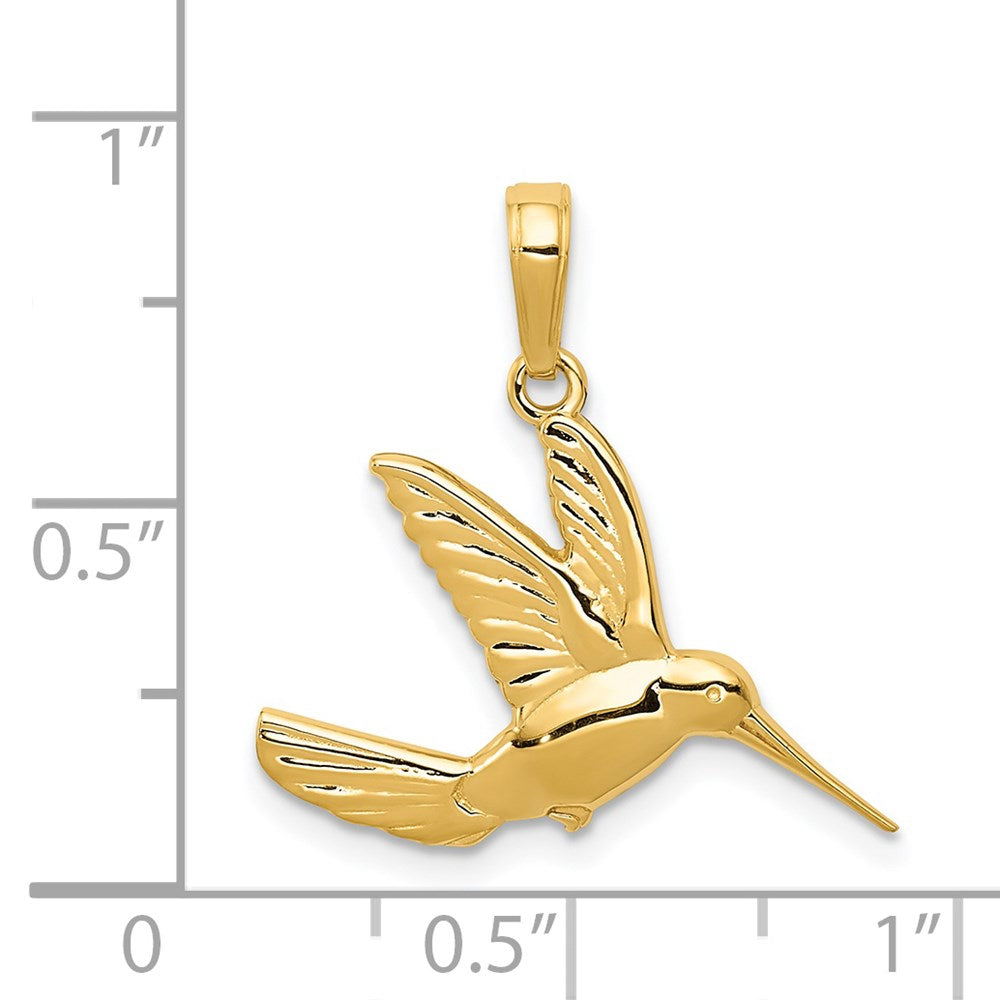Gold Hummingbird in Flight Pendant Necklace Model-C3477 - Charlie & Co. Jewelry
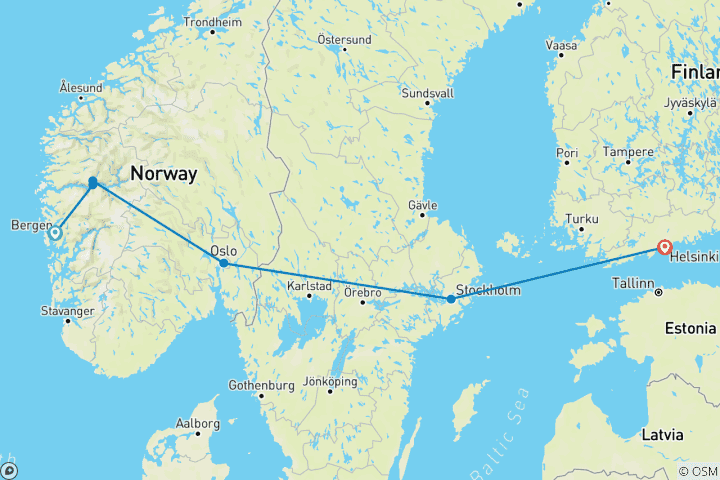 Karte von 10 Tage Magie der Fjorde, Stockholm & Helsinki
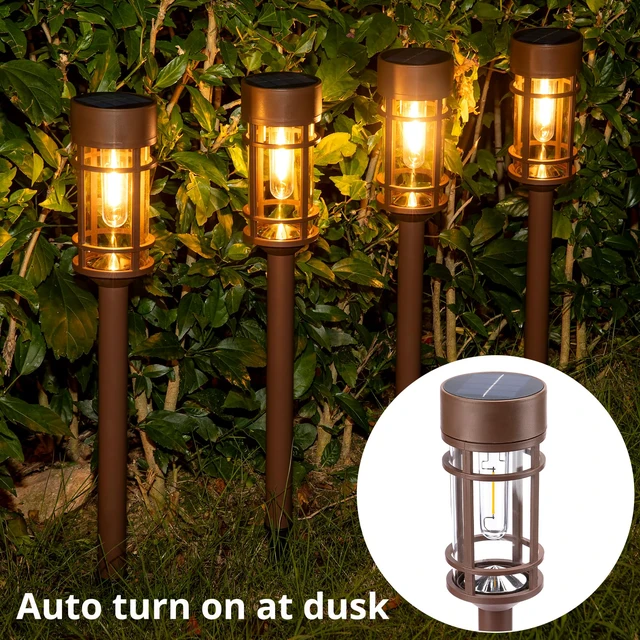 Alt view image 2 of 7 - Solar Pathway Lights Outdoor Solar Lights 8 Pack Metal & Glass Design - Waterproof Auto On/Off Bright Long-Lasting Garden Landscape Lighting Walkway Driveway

——

▶ **Task**
Your copy of the data above should match it exactly, apart from the images.

▶ **Answer box**
Gold Hummingbird in Flight Pendant Necklace Model-C3477 - Charlie & Co. Jewelry
 Karte von 10 Tage Magie der Fjorde, Stockholm & Helsinki
 Alt view image 2 of 7 - Solar Pathway Lights Outdoor Solar Lights 8 Pack Metal & Glass Design - Waterproof Auto On/Off Bright Long-Lasting Garden Landscape Lighting Walkway Driveway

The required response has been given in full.